When you think of the NBA’s most underrated players in the league, quite a few names can cross your mind. The list ranges from big men to sixth men, but there is no player in the league more under-appreciated than Golden State Warriors guard, Monta Ellis.
The combo guard has been under the radar ever since he was drafted in the second round back in the 2005 draft class. Being a guard and coming out of the same draft as players such as Chris Paul, Deron Williams and Raymond Felton can be tough when you’re already a lesser known prospect.
Starting off his career coming off the bench, Ellis was instantly a crowd favorite. Diving for loose balls, doing all the hustle plays just to get off the bench and show what he can do, Ellis had to play with a chip on his shoulder.

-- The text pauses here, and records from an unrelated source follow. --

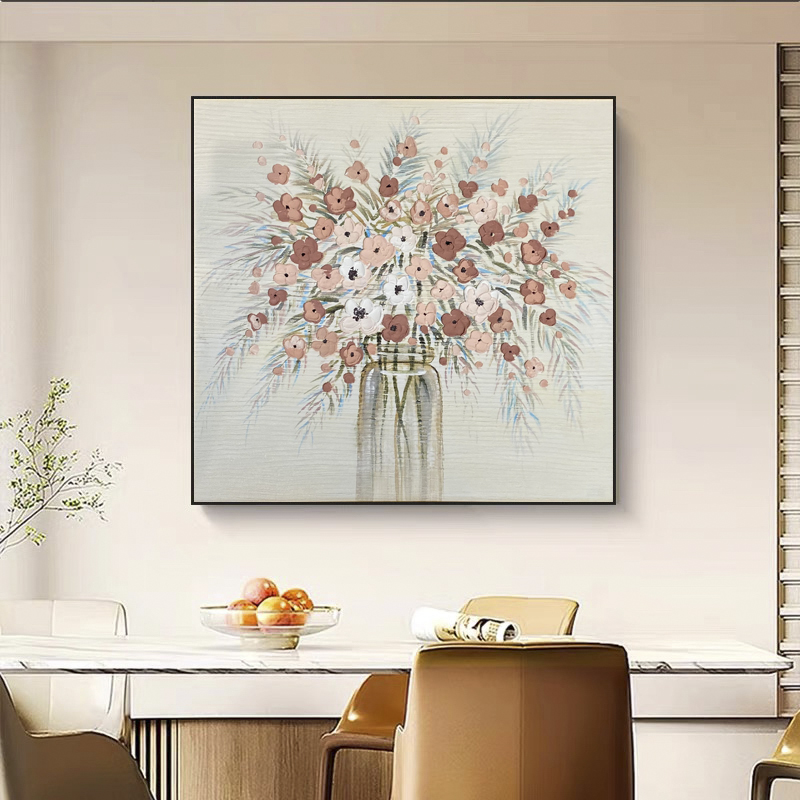 SJ 64【锦上添花】纯手绘油画餐厅壁画现代简约沙发背景画花卉挂画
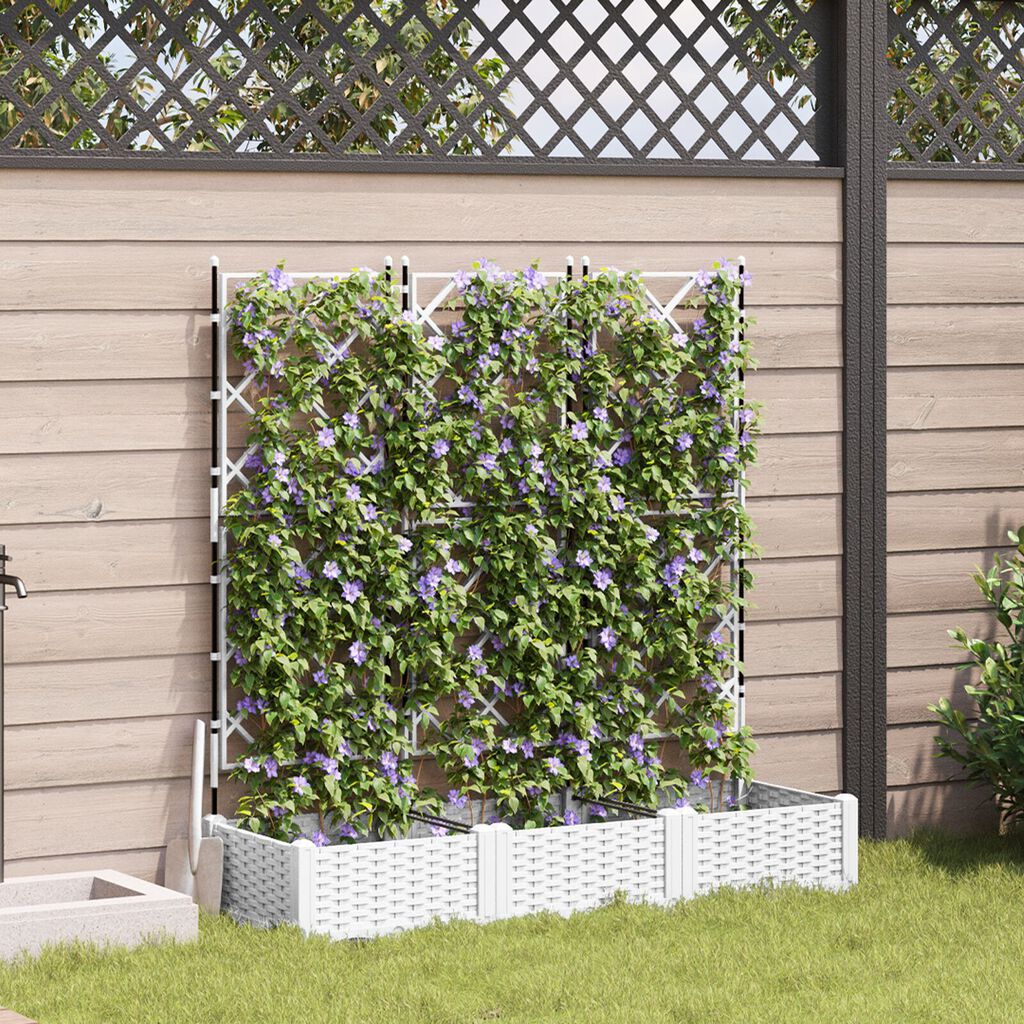 vidaXL Γλάστρα Κήπου με Πλέγμα 3 τμχ Λευκή 120x40x125.5 εκ
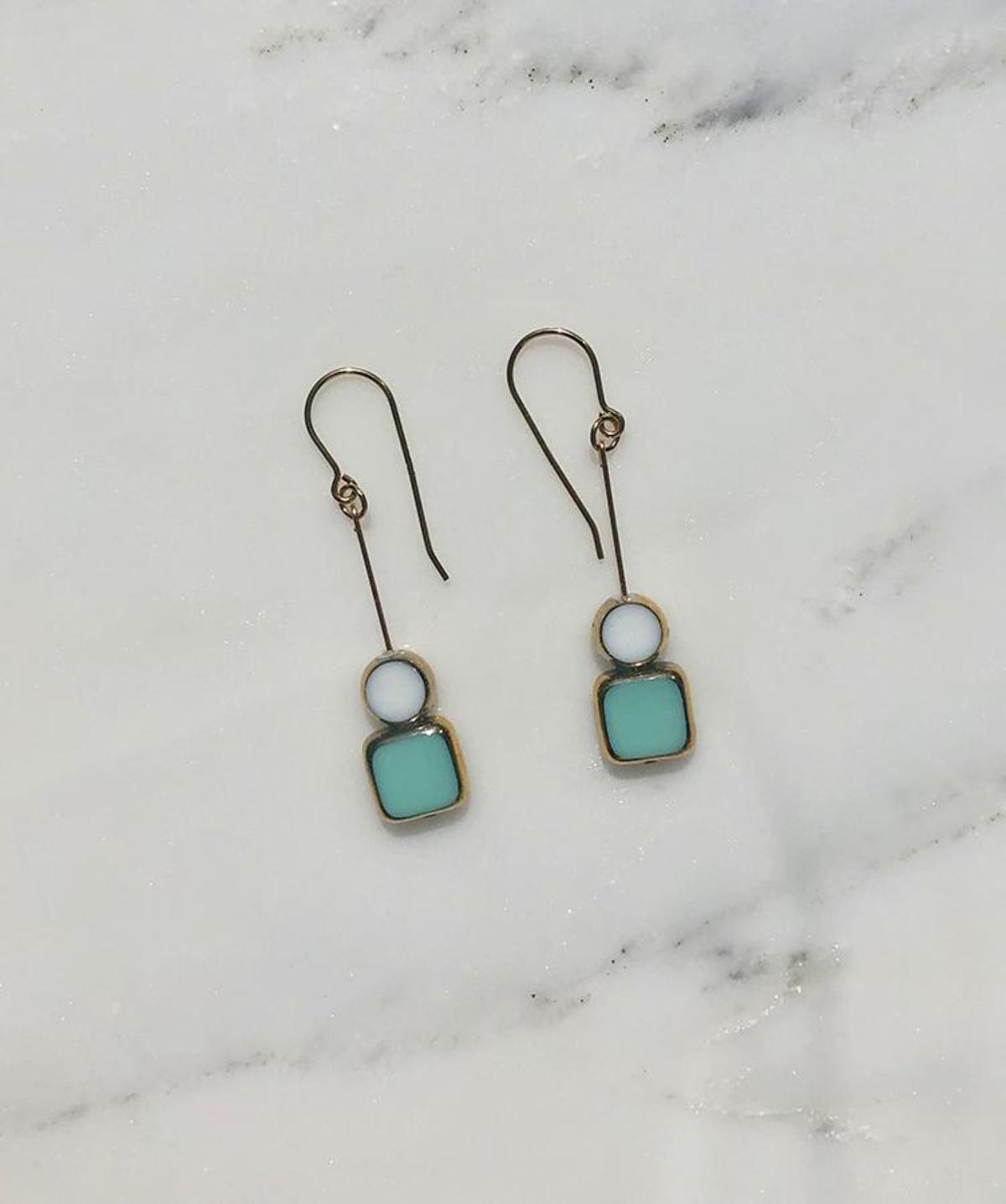 I. Ronni Kappos Stacked Square w/ Circle Earrings - Aqua/White - Image 2 of 2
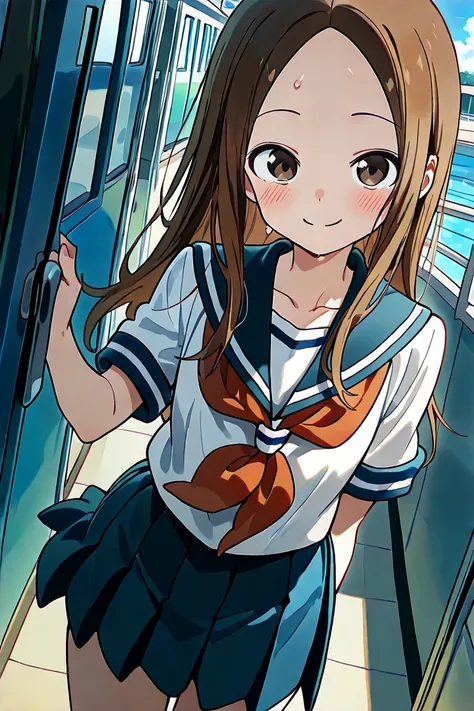 (())、nsfw, masterpiece,  top quality ,  High Resolution, very detailed ,\(Good at teasing\),  long hair、 brown hair、   split van ,amount、collarbone、  sailor suit 、  sailor color  、   red neckerchief 、  white shirt、Short sleeve、  Pleated Skirt、  blue skirt ...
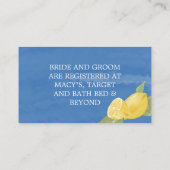 Lemons Blue Paint Wedding Registrierungskarte Visitenkarte (Rückseite)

It’s not often that combo guard becomes a successful player in the league. Coaches have a tough time placing them in the lineup. Monta would constantly have to either play point guard or the 2-guard, having to adjust to many guards in different sizes, speeds and defensive abilities.
Ellis and coaches finally realized it was best for him to play shooting guard. At 6’3", Monta has always had to defend bigger guards. While many critics claim he’s a liability on defense, he has proved that he can hang with some of the best guards in the league in the past two seasons.
When Ellis is not gambling for steals, he can be a good perimeter defender. Holding players like Brandon Roy and Kobe Bryant to bad shooting percentages had earned him recognition from Bryant and arguably the greatest coach of all time, Phil Jackson.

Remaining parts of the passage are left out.